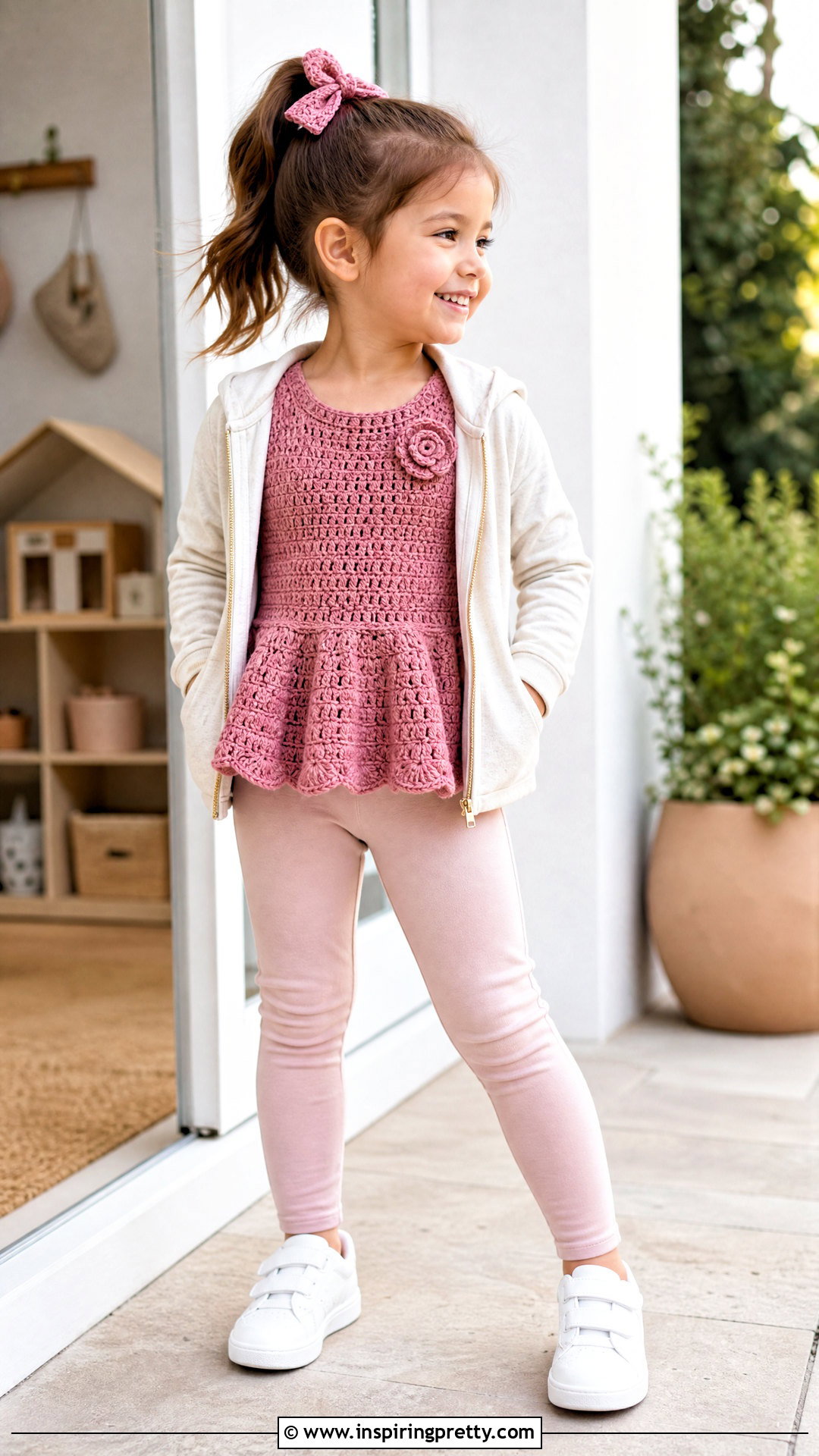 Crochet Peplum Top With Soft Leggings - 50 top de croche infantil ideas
——
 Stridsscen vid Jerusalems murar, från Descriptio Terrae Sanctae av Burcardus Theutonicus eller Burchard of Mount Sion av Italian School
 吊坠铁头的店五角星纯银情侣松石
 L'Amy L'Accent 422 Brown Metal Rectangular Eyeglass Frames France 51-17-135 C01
——
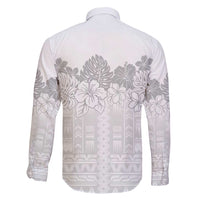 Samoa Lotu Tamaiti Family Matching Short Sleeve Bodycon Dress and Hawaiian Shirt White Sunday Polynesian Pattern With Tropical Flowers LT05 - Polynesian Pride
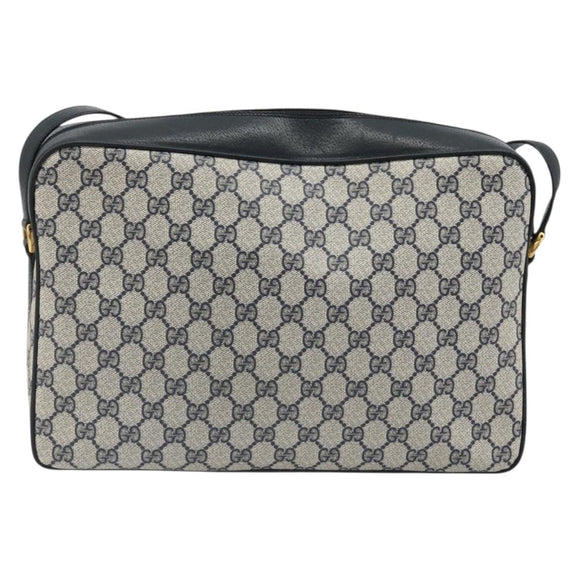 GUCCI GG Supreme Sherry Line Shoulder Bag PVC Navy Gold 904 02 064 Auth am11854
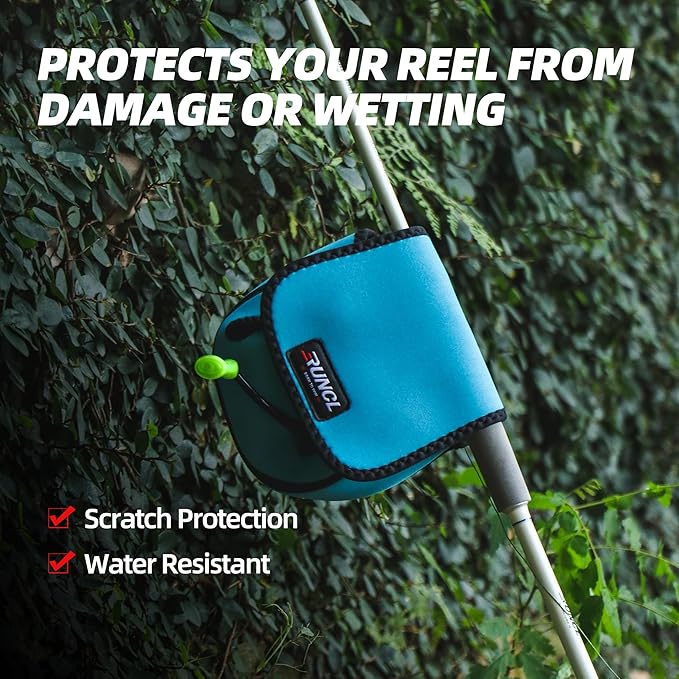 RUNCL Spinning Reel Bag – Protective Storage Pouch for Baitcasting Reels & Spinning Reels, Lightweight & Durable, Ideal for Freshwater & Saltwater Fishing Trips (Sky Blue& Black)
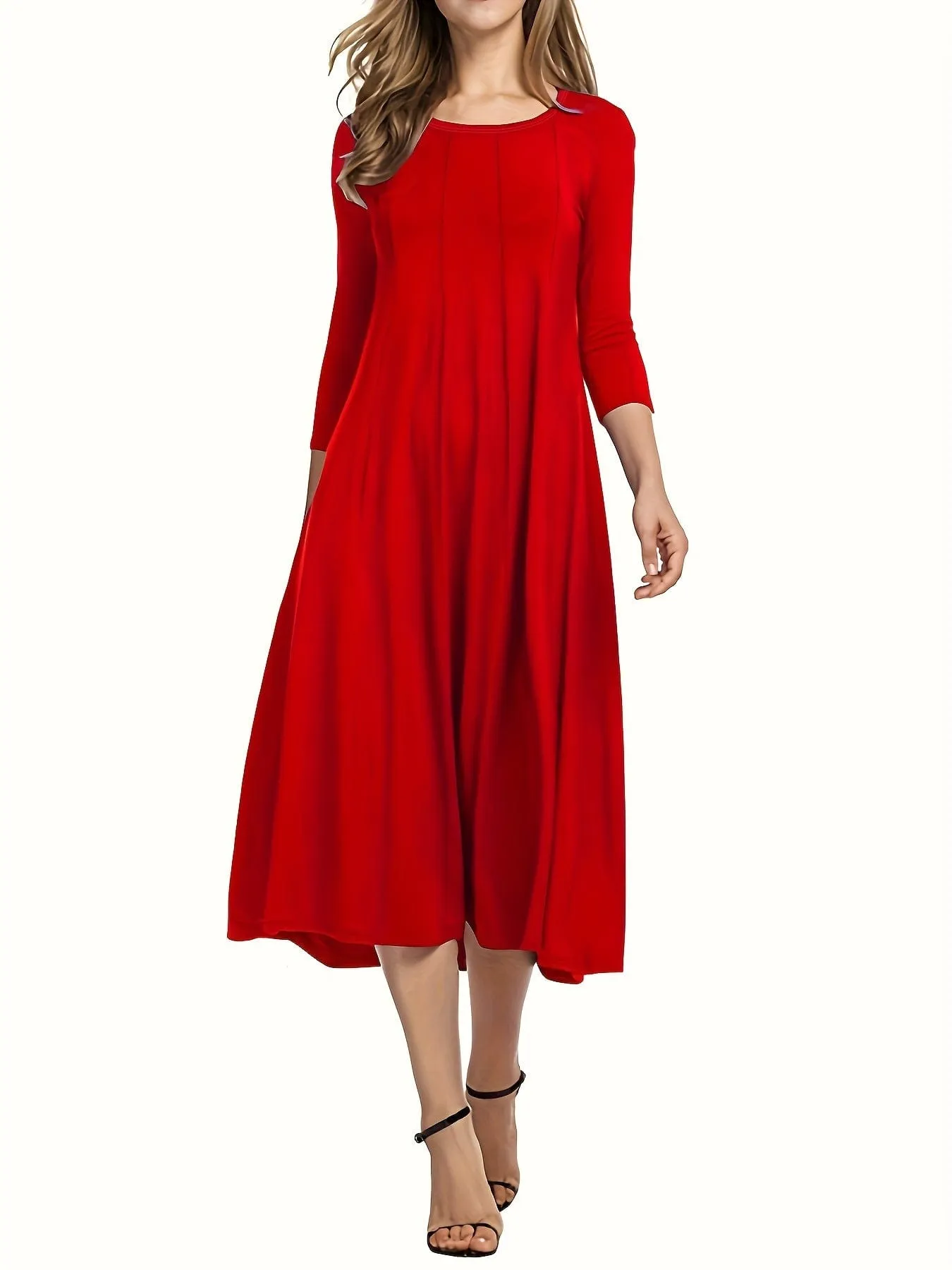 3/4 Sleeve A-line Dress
——
Assignment: Please return the lines above that run from the line containing "Stridsscen vid Jerusalems" to the line containing "L'Amy L'Accent 422", inclusive, exactly and with no other lines.

Result:
 Stridsscen vid Jerusalems murar, från Descriptio Terrae Sanctae av Burcardus Theutonicus eller Burchard of Mount Sion av Italian School
 吊坠铁头的店五角星纯银情侣松石
 L'Amy L'Accent 422 Brown Metal Rectangular Eyeglass Frames France 51-17-135 C01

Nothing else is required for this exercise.